The report, Choice Cuts: How choice has declined in higher education, reveals that the number of undergraduate courses available has decreased from 70,052 in 2006 to 51,116 in 2012, despite an increase in student numbers.

The report analysed data from the universities admission service, UCAS, to determine which areas of the UK have been hit hardest in course reduction, with large disparities emerging between regions and each of the home nations.

For students in England the range of options has narrowed considerably. England suffered the biggest reduction in the number of undergraduate courses (31%), compared to 3% in Scotland, 11% in Wales and 24% in Northern Ireland.

The UCU argued that there was a link between the rate of course cuts and levels of tuition fee charges in each of these countries.
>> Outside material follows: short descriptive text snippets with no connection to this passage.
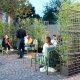 Sipario 3 Divisorio modulare Nardi Outdoor ambientazione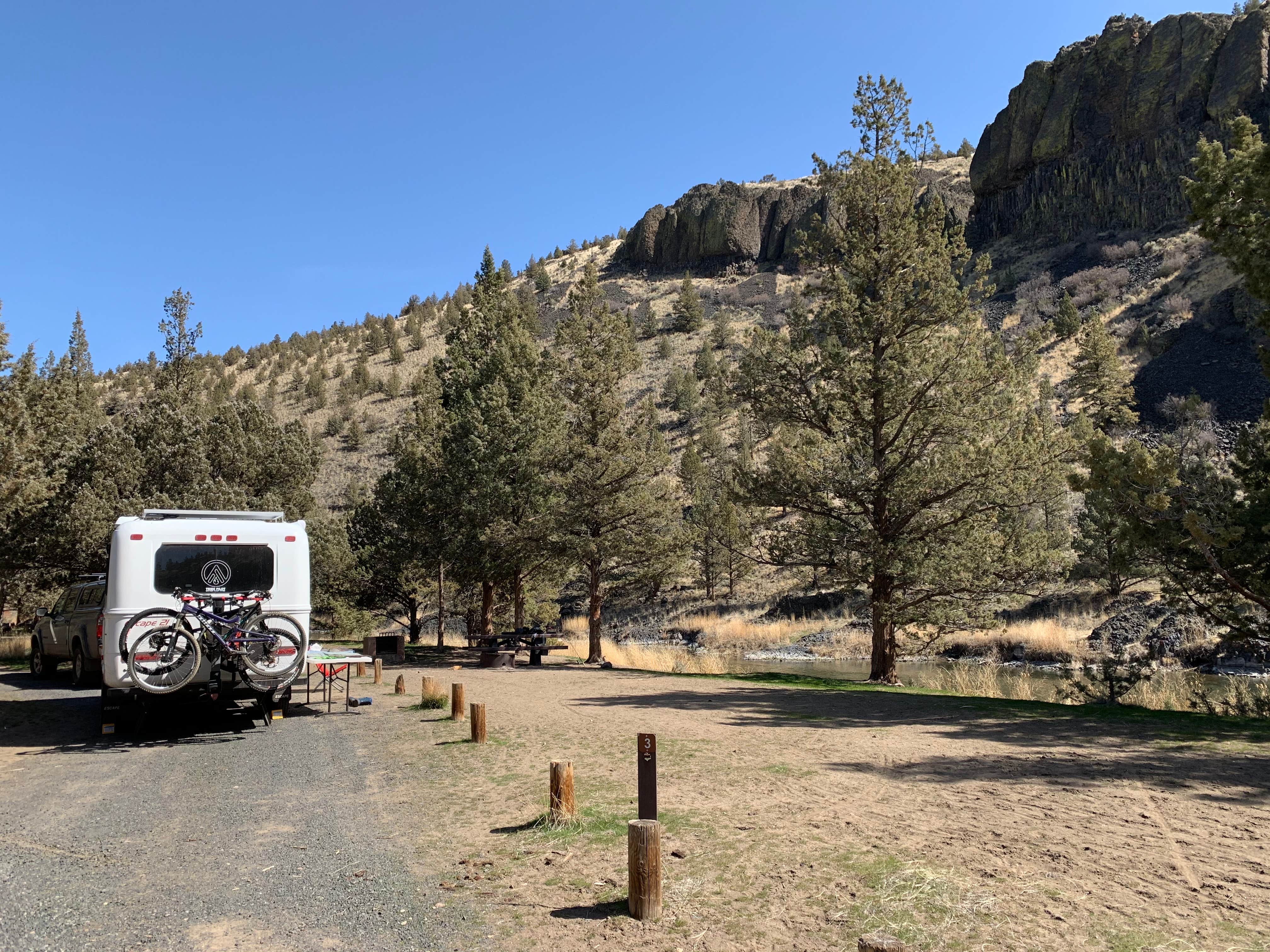 Camper submitted image from Palisades Campground - 4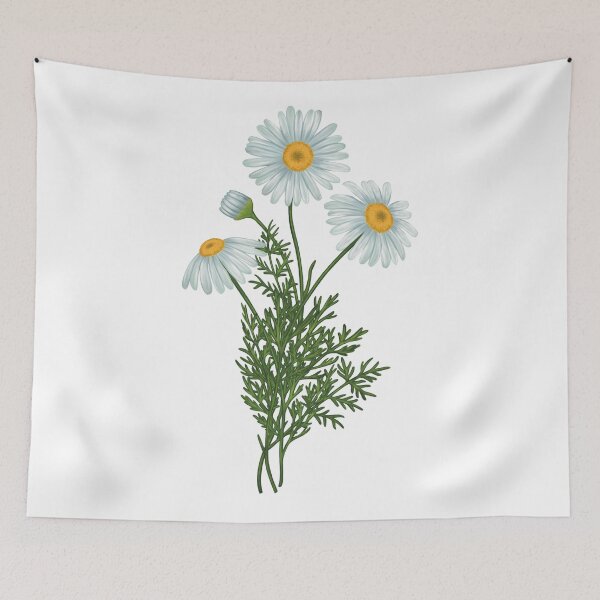 Item preview, White Chamomiles designed and sold by Laentya.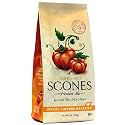 Sticky Fingers Bakeries, English Scone Mix, Pumpkin Spice, Just Add Water, Mix, and Bake. Makes 12 Scones (Pack of 2)
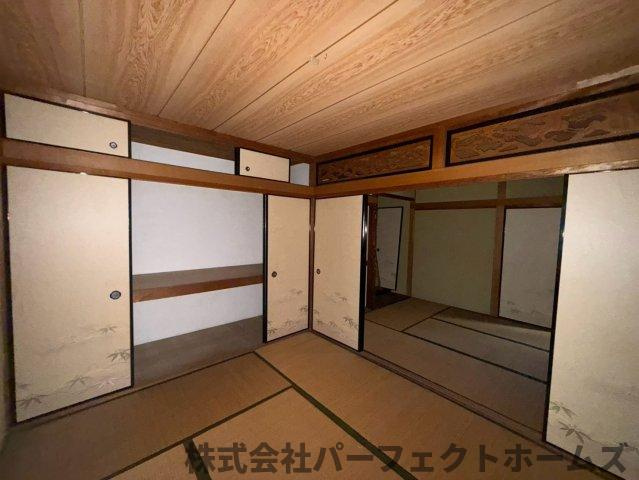 倉治7丁目戸建の和室|和室がひろがる居住スペース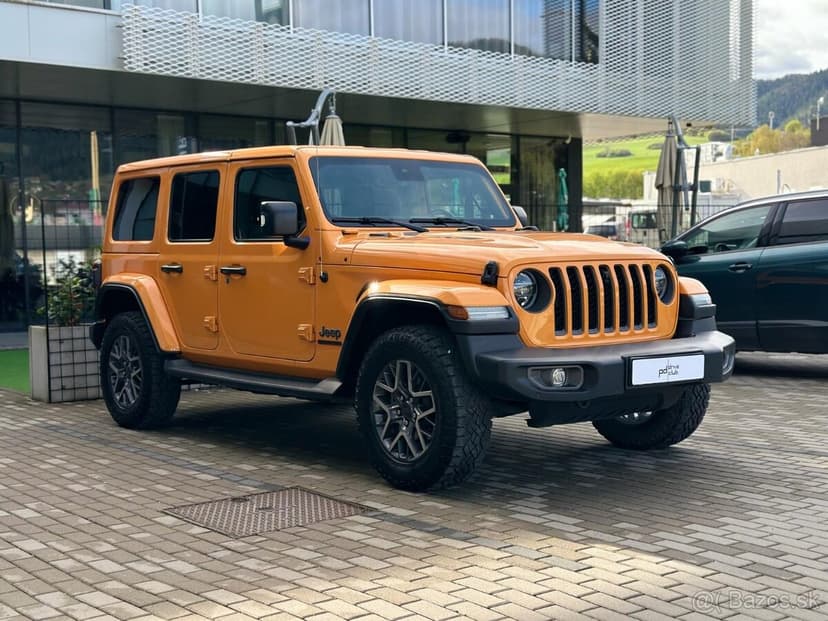 Jeep Wrangler 2.0PHEV 80Th Anniversary 4xe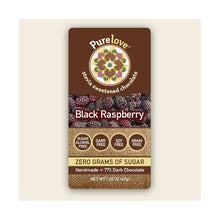 Load image into Gallery viewer, PureLoveBlack Raspberry Chocolate Bar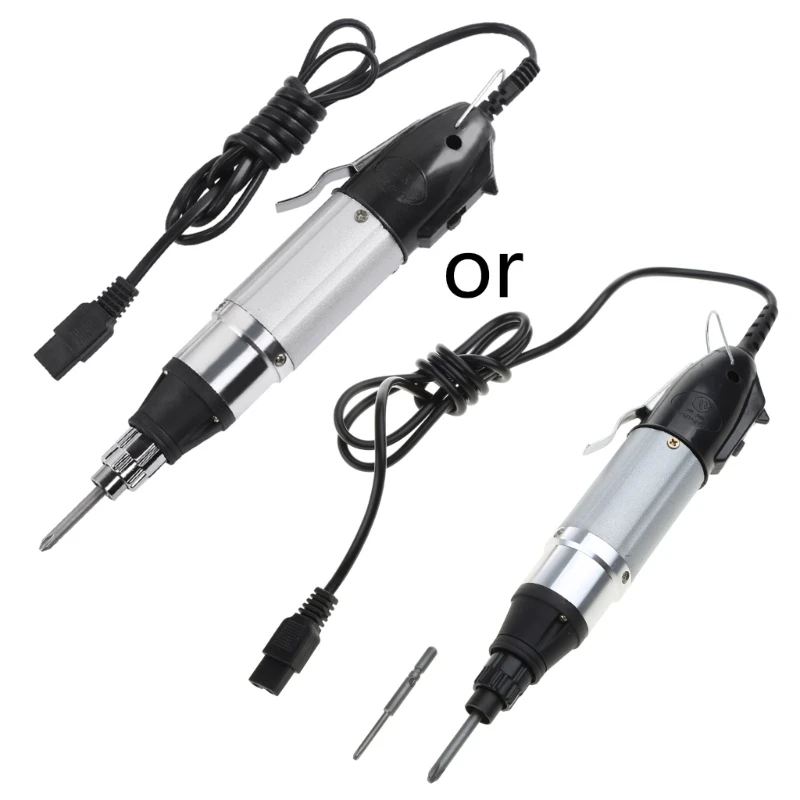 Corded Screwdriver Precision- Screwdriver Tightening Torque 1~8KG Self-locking Chuck Easy to Use Accurate Torque
Corded Screwdriver Precision- Screwdriver Tightening Torque 1~8KG Self-locking Chuck Easy to Use Accurate Torque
While tuition fees for full-time undergraduates from the UK at higher education institutions in England will rise to up to £9,000 a year in 2012-13, Northern Ireland-domiciled students studying in Northern Ireland will only have to pay £3,465, Welsh-domiciled undergraduates studying throughout the UK will only have to pay £3,465, and Scottish-domiciled undergraduates studying in Scotland will not have to pay any fees.

However, within the regions of England there is also a wide range in the extent of course cutting. Nearly half (47%) of undergraduate courses have been cut in the south-west, but only 1.4% of courses have gone in the East Midlands. London, which last week was ranked second only to Paris as the best city in the world for students, is offering 33% fewer undergraduate courses than in 2006, as is the West Midlands.

As well as looking at the overall number of courses available, the report analysed the provision of principal, or single-subject, degree courses in science, technology, engineering and mathematics (STEM subjects), arts and humanities, and social sciences.

Single-subject STEM courses are down 15%, and arts and humanities down 14%. German and French studies are no longer available as a single subject in eastern England and the north-east.

Sally Hunt, the UCU’s general secretary, said: “While successive governments have been dreaming up new ways to increase the cost of going to university, the range of subjects available to students has fallen massively. As student numbers have continued to rise, choice has fallen across almost all disciplines, including STEM subjects, which governments have pledged to protect.”

She said the UK's global academic reputation was built on the broad range of subjects available and on the freedom of academics to push at the boundaries and create new areas of study. But the report showed that, while government rhetoric is all about students as consumers, the curriculum has actually narrowed significantly.

“If we want to compete globally, we simply cannot have areas of the country where students do not have access to a broad range of courses."

But Bahram Bekhradnia, director of the Higher Education Policy Institute, said that given how mobile the student population is there was no need for all courses to be offered everywhere, and no reason to assume that the previous number of courses was correct.

“Much more concerning are signs that the total number of student places at universities is being cut,” he said. “Rationalising the number of courses and making more efficient use of the resources that are available isn't necessarily a bad thing.”

In the report, Roberts said: “These days it seems universities are increasingly being treated as technical colleges from which graduates will emerge with some very specialised skills. This is a huge mistake.”

Professor Donald Braben, honorary professor in life sciences at University College London, said: “All major developments in the last century were unpredicted. Take the internet: were the universities being urged to offer lessons on the internet in the 70s and 80s? Industrial opinion notoriously changes with their balance sheets. If we gear institutions solely to what we perceive students and employers want then that is precisely what we will get. Stagnation will follow.”

Professor Philip Schofield, professor of the history of legal and political thought, and director of the Bentham Project at University College London, said restricting choice meant giving the less well-informed control over the better-informed on the very question of what they need to be informed about.